Hilbert wanted to keep her at Göttingen with an academic appointment, an attempt that led to a famous exchange in the faculty senate. A (nonmathematician) member objected, “What will our soldiers think when they return to the university and find that they are expected to learn at the feet of a woman?” Hilbert’s reply—which, alas, did not carry the day: “I do not see that the sex of the candidate is an argument against her admission as a privatdozent. After all, the senate is not a bathhouse.” Some years later she did get a modest appointment, with modest pay, and in the meantime gave lectures by means of a ruse: Hilbert would announce a course and she would be his permanent substitute. Hermann Weyl, a prominent Göttingen mathematician who also tried and failed to get her a position commensurate with her talent, wrote to a friend, “I was ashamed to occupy such a preferred position beside her whom I knew to be my superior as a mathematician in many respects.” (Several web pages and at least one popular science book wrongly attribute this remark to Hilbert.)
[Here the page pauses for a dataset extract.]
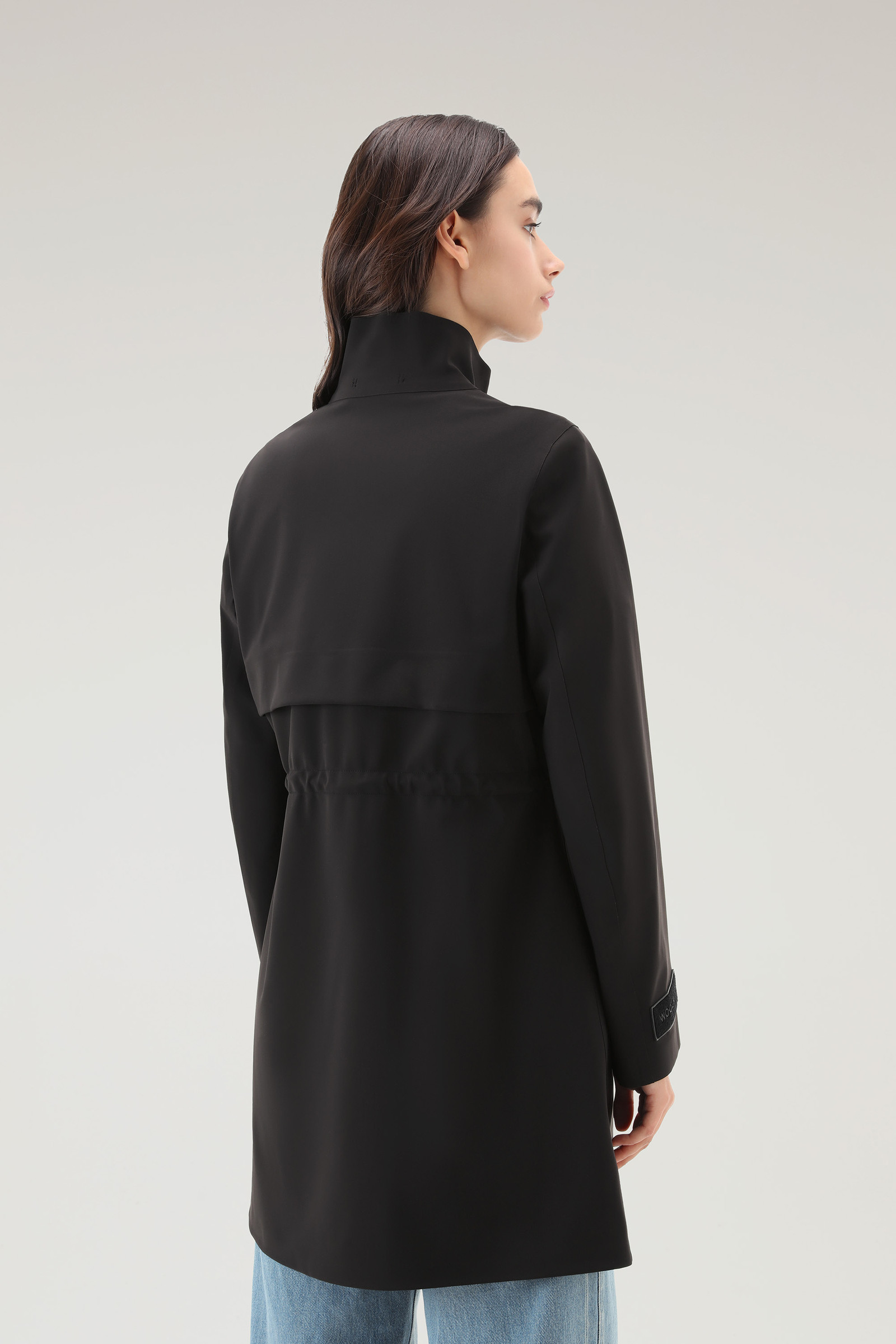 Pequea Coat in Stretch Nylon Black photo 3 | Woolrich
Weyl described her personality as “warm like a loaf of bread.” She was an inspiration to her students—through passionate conversations, not her lectures, which were poor. “She had a very clear understanding of what she was saying,” said one colleague, “but she didn’t have a clear idea of what she was going to say.” Shortly after the Nazis came to power in 1933, she—a Jew and a pacifist—was dismissed from the university. In this dark time, Weyl said, “her courage, her frankness, her unconcern about her own fate” were “a moral solace.”
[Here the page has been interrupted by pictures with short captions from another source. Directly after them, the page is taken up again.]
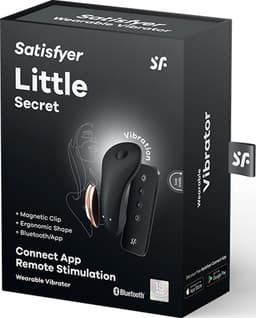 Satisfyer, bluetooth slipvibrator, oplegvibrator, 'Little Secret', 8,5 cm, met app, medische siliconen — thumbnail 1
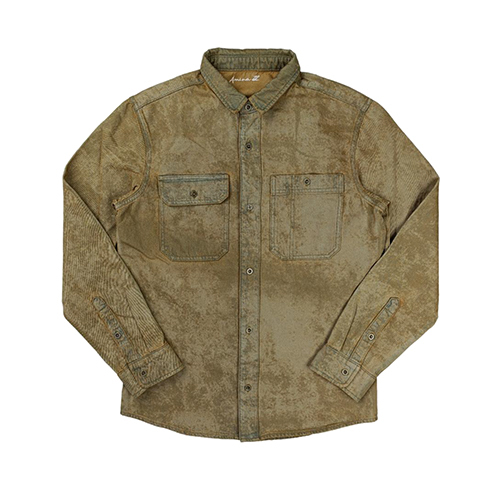 0225-0046 Mens Cotton Shirt - Color: Green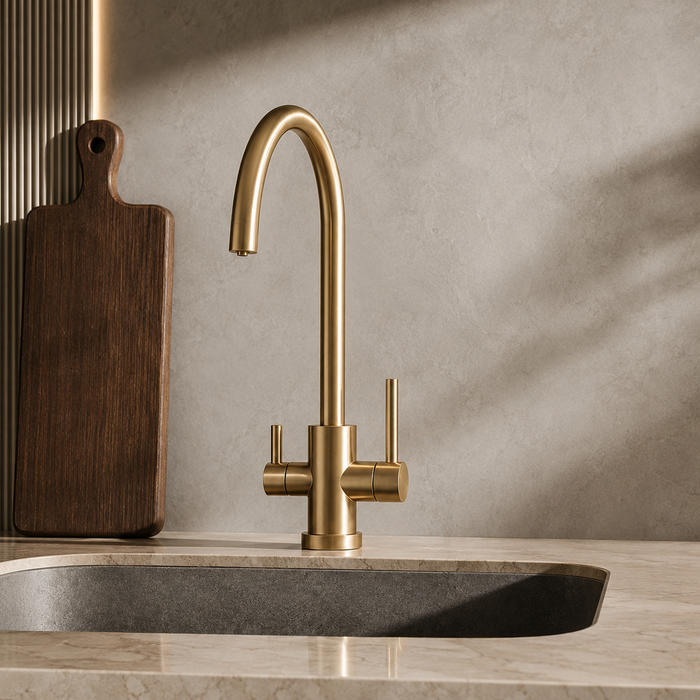 Triflow Round 3-in-1 Kitchen Tap - Brushed Brass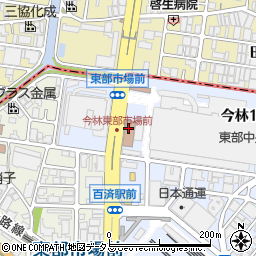 日本通運株式会社　大阪支店東部市場課周辺の地図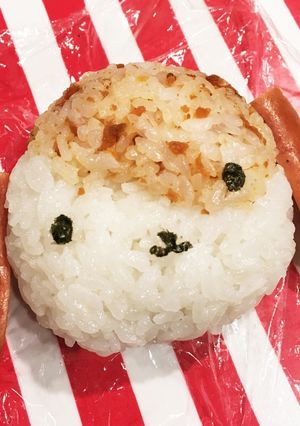 キャラ弁☆干支おにぎり☆ワンコ-レシピのメイン写真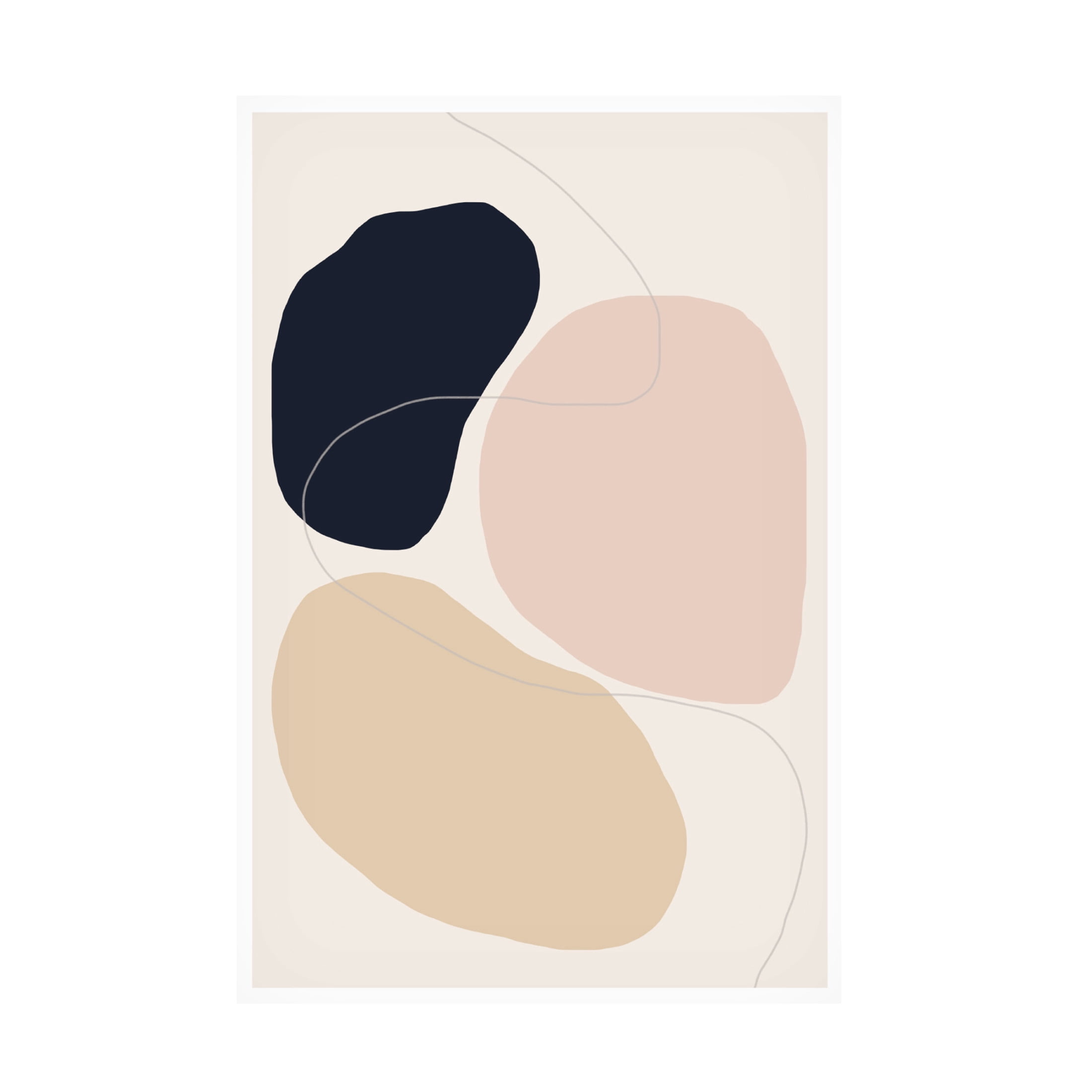 Trademark Fine Art THE MIUUS STUDIO Abstract Composition Canvas Wall Art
The Rockefeller Foundation helped fund a professorship for Noether at Bryn Mawr. (The recommendation from Einstein couldn’t have hurt.) In 1935, after surgery to remove a uterine tumor, she died, age 53, from a postoperative infection.

It was not a tragic life. Noether was not deterred or embittered by indignities from academic bureaucrats. She was, and was recognized as, a peer of towering intellects. And she did her work, by all accounts, with joy.